Part one of this series was a disastrous attempt at a dalgona coffee- here’s hoping that this French Toast works out better! If you haven’t seen part one of this series feel free to check it out here.
So, after I made last week’s coffee, I started thinking- since this series was inspired by the author of “Mastering the Art of French Cooking,” Julia Child; maybe I should dive a bit more into the French way of cooking. However, as I have said before, the extent of my knowledge of French cuisine doesn’t stem further than eating a croissant.
Therefore, I decided to start small. Today, I’m going to be attempting to make a French Toast. (Julia Child is probably turning in her grave as I compare French cuisine to a piece of toast).
Once again, let’s take a little history lesson.
The origin story that’s mostly accepted is that a man named Joseph French invented it in 1724, in New York. It’s then said that he advertised it as “French Toast” instead of “French’s Toast” because he was grammatically inept.
From now on, this story is going to be my defence for being a Grammar Nazi- if you have bad grammar, your inventions might change nationalities!
However, some say that French Toast was actually invented in France! Who would’ve thunk it? It’s said that it was actually a way for French cooks to use every bit of bread they had left- why waste? They knew that if you added moisture and heat to stale bread, you could revive it. It was then given the name “pain perdu” which translates to “lost bread” (Thank you 10th grade French!)
There are also countless versions of French toast- depending on where you’re eating it.

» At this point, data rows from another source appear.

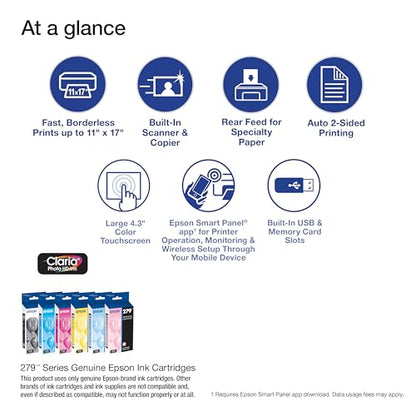 Epson Expression Photo XP-980 Inkjet Printer, 5760 x 1440 DPI Resolution, 20W Power Consumption, All-In-One Functionality, Wireless Connectivity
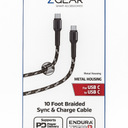 Zgear 10-Foot Braided Sync And Charge Cable 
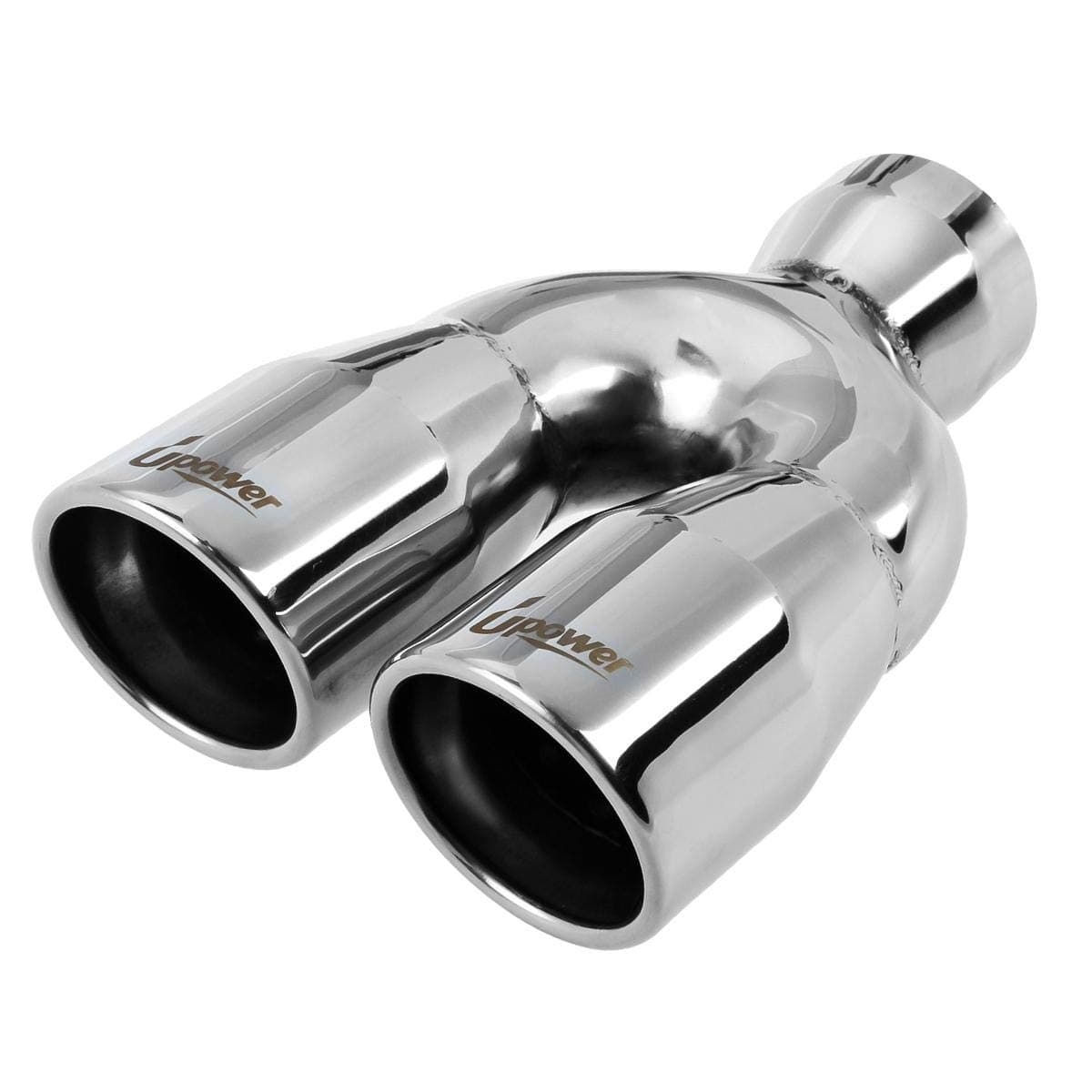 Upower 25 to 3 Dual Exhaust Tip 2 12 Inch Inlet 3 Inch Outlet 95 Length Weld On Exhaust Tailpipe Tips 304 Polished Stainless Steel 12mm Thickness Double Wall Slant Rolled Edge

If you’re in Scotland you might find a sausage with some ketchup, sandwiched between 2 french toasts. If you’re in Italy, you might find a similar sandwich, except with mozzarella instead of a sausage. Spain makes a “torrija” which is a sort of fried, wine soaked version of a french toast. If you’re here in India, you’ll find the incredibly desi-fied version, which is a savoury, unsweetened version, with onions, chillies, ketchup and masalas.

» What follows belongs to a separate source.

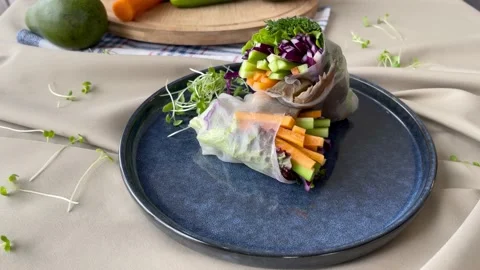 Spring Rolls With Fresh Vegetables Stock Footage 151265622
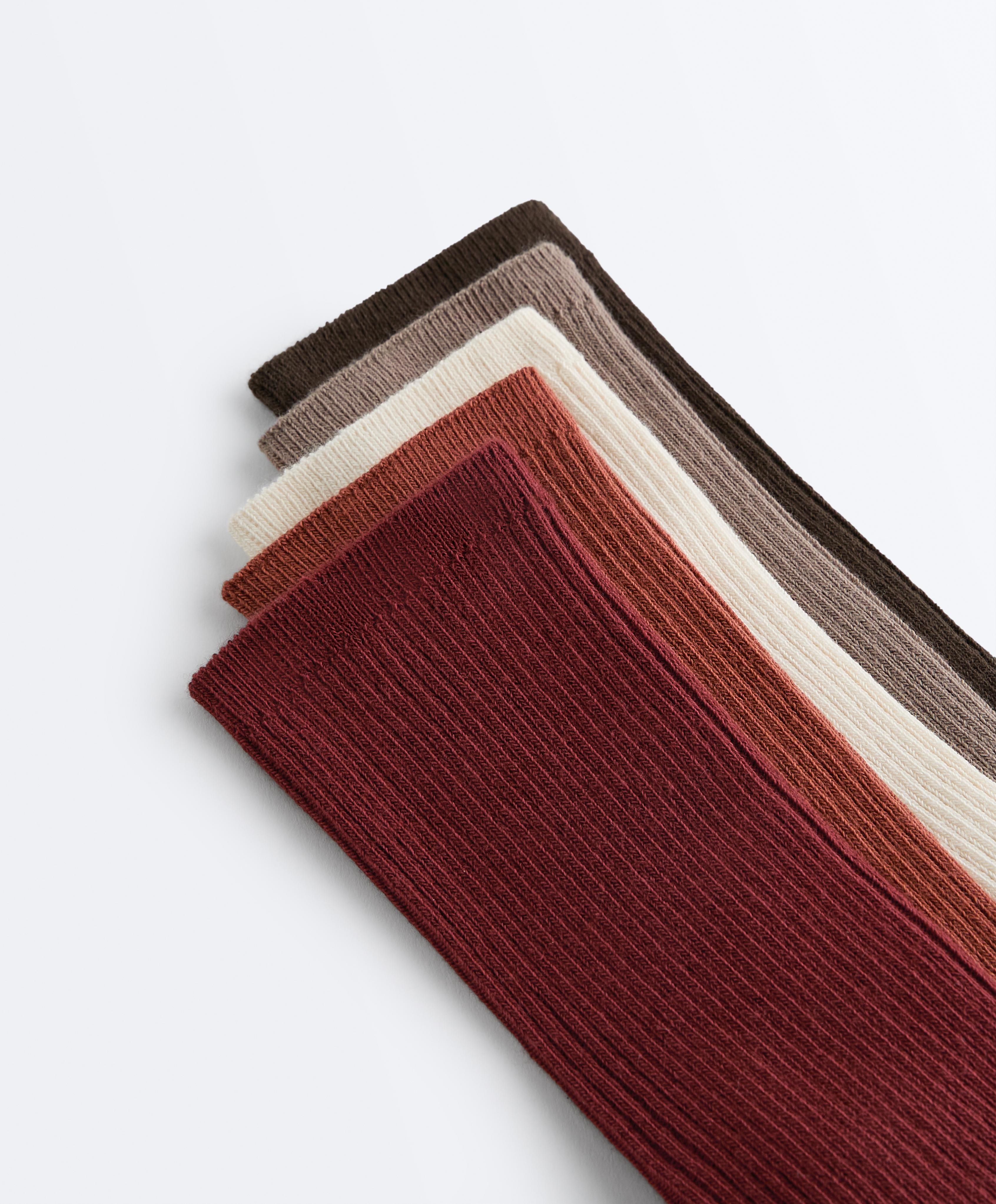 5 pairs of cotton blend classic socks — TERRACOTTA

Today, I’m going to be making a much simpler version than the above mentioned variants.
Let’s get started!
Credit to the original recipe I used, you can find it here.
So, once again, (of course) I spent a total sum of 2 hours just taking pictures.
Now, if I’m being totally honest- I’ve never actually tried french toast before. So I was definitely apprehensive about how it would taste, especially since I’m not really the biggest fan of the obvious taste of egg, and I have no reference point. However, I’m a total sucker for anything with cinnamon- and yes, before you ask, I did double the amount of cinnamon that the recipe called for.
I also didn’t have brown sugar, and I’ve heard that white sugar is less sweet, so I used 3 tablespoons of white sugar in place of 2 tablespoons of brown sugar.
Now, this recipe wasn’t anything out of the ordinary; it was actually pretty straightforward – even I couldn’t mess it up. Okay that’s a lie.
If I’m totally honest, there were absolutely some egg shells that I had to sit and pick out, as well as several burns all over my hands- but that’s inevitable! Right?
This recipe was actually surprisingly simple . I’m sure we have all gone through those moments where we need to use an entire loaf of bread in a day, because it’s about to expire.
I’ll definitely be making this again, because it’s simple, right to the point, and efficiently delicious!
I would absolutely say that this recipe was a success. My family loved it so much, that I’ve already made it 3 times since. I haven’t decided whether or not thats a good thing! The scars all over my hands say otherwise.
Next time, we’re going to deviate a little from the sweeter recipes, and move on to something a little more savoury. I’ll be…sorry, we’ll be making…something beer battered! I’m not exactly sure what yet, but it’ll definitely be something beer battered, solely because it sounds super cool.